Teresa Frohock has turned a love of dark fantasy and horror into tales of deliciously creepy fiction. T is the author of Miserere: An Autumn Tale and has a short story, “Naked the Night Sings,” in the urban fantasy anthology Manifesto: UF. Another story, “Love, Crystal and Stone” appears in The Neverland’s Library Fantasy Anthology.
Her novella, The Broken Road, is available through Amazon and Barnes and Noble. Her most recent work is a novelette written with author Alex Bledsoe entitled Hisses and Wings.
Teresa lives in North Carolina where she has long been accused of telling stories, which is a southern colloquialism for lying.
Authors and reviewers alike tend to throw the word “strong” around as if inner fortitude is something that we’re born with. “Strong female characters” was the phrase de rigueur for a while there. Everyone tried to create their version of a “strong female character” based on their own definition of strength. Often, the quiet, resilient strength formed in the face of adversity was eschewed in favor of kick-ass heroines.

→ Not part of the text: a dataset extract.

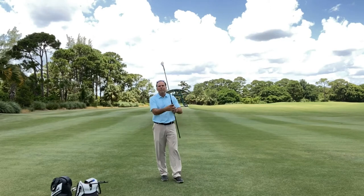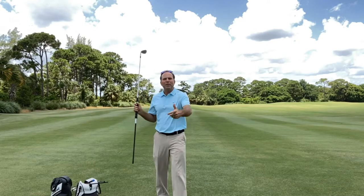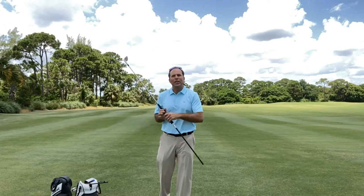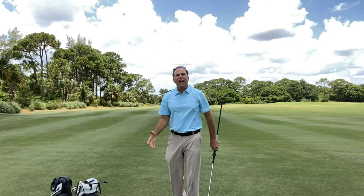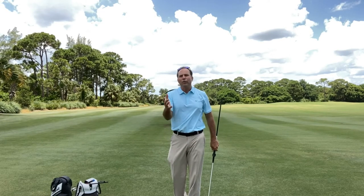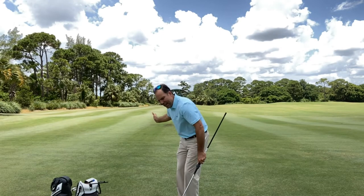Another thing I want to mention about the Impact Master is you don't need to make big swings. A lot of people like to make too large of swings when they do it — they start taking it way back, and then their body has to slow down. That's exactly what we're trying to avoid. We want to make a nice, connected, shorter swing and really feel the acceleration with our body.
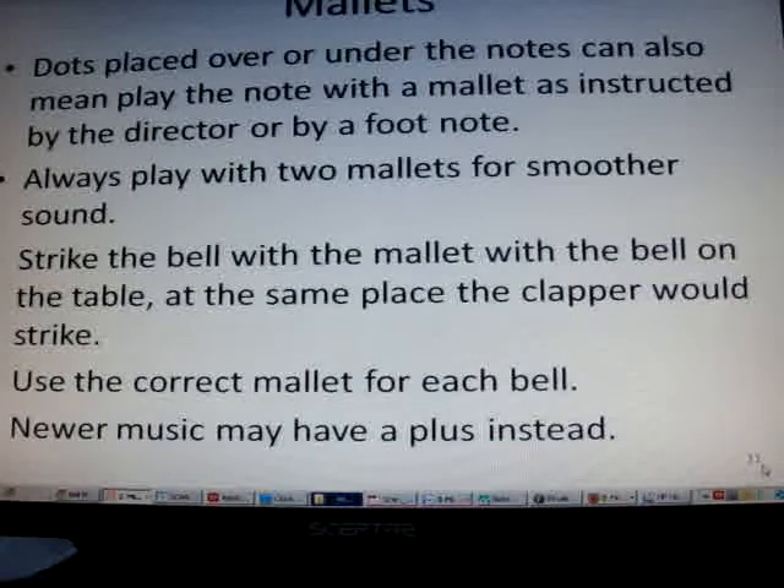Mallets. Dots placed over or under the notes can also mean play the notes with mallets, as indicated by the director or a footnote. Always play with two mallets for a smoother sound. Strike the bell with the mallet where the bell rests on the table, at the same place the clapper would strike. Use the correct mallet for each bell.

This post isn’t about kick-ass heroines. It’s more about the quiet, resilient kind of inner strength one acquires from having a disability. I’m not sure if what does not kill us makes us stronger, but I do know that having a handicap has made me more creative in how I function in the world. I’ve found my strength by facing obstacles and challenges, sometimes losing, then redirecting my efforts to better assure a more lasting solution.
In my novella, The Broken Road, I have a character named Travys, who is a seventeen-year-old prince. On a superficial level, Travys would seem to have it all until the reader looks more closely and realizes that Travys’ kingdom is a matriarchy where he must marry a consort in order to rule. Of course, this isn’t a terrible thing, except that Travys is gay, and his choice of a life-partner and his mother’s choice of a life-partner to carry on the royal line are in stark contrast to one another. His mother determines that Travys will marry his twin brother’s girlfriend, and things sort of slide downhill for Travys from there.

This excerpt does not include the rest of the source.